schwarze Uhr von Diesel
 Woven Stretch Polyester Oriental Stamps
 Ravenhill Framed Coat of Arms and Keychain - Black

## EXERCISE PROMPT:
The entire listing is to be reproduced without alteration.

## TASK RESPONSE:
schwarze Uhr von Diesel
 Woven Stretch Polyester Oriental Stamps
 Ravenhill Framed Coat of Arms and Keychain - Black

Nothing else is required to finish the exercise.